とはいえこの傾向というのは何も最近始まったわけではなく、もっと以前からあって、パフォーマティブなことが「炎上」であるとか「マーケティング」に回収され、無効化されてしまう危機、というのは間違いなくここ10年くらいで高まっている。最近あったパフォーマンスである「高田馬場駅前ロータリーの南京錠」も、当初見いだされたはずの「抵抗」の運動は全国ネットにおいては無効化されてしまった。

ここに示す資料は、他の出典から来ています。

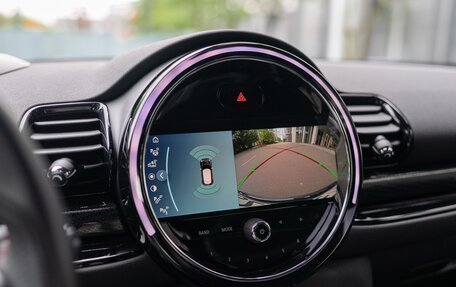 MINI Clubman, 2021 год, 4 400 000 рублей, 20 фотография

封鎖のフェンスに南京錠をかけるという行為は、それ自体であればかなり直接行動=アクションと言えるだろうし、少なくともこの行動を起こしていたうちの何人かは明らかにその意志を持っていたと思うが(もちろん、本気で恋愛のまじないとして南京錠をかけたカップルがいる可能性は否定できない)、ひとつのユーモアとしての(だと考えるのが妥当だろうと思う)都市伝説的な意匠の方が耳目を集めた結果、むしろ安直な関心に回収されてしまい、容易に見出すことのできたはずの直接行動そのものの意味は失われてしまった。このテレビでの扱いに関しては、笑いのプロであっても笑いがわからなくなってるのか、あるいはそもそも視聴者にはわからないだろうと諦められているのか、いずれにせよよろしくない傾向であると思う。

もちろん、こうした「伝わらない」事例は過去にもあったことだろう。しかし問題は、これは結局は自分がということだけれども、パフォーマンスという形で何かの行動を起こすということについて、あまり期待そのものが持てなくなってしまったということだ。そしてそれはとても貧しいことのように思うし、絶望的なことですらあると思う。何らかの主張をしたいのであれば、粛々と地道に行動を起こすしかない。真面目に喋って説得し、ロビー活動をし、あるいは選挙に行って一票を投じるしかない。どことなく、文化の敗北というような感じがする。文化は本来もっと豊かで、人間同士のあらゆるつながり方を可能にするはずだった。どうしても明るい未来を思い描くことができない。それは文化が豊かになっていくという希望が持てないからだと思う。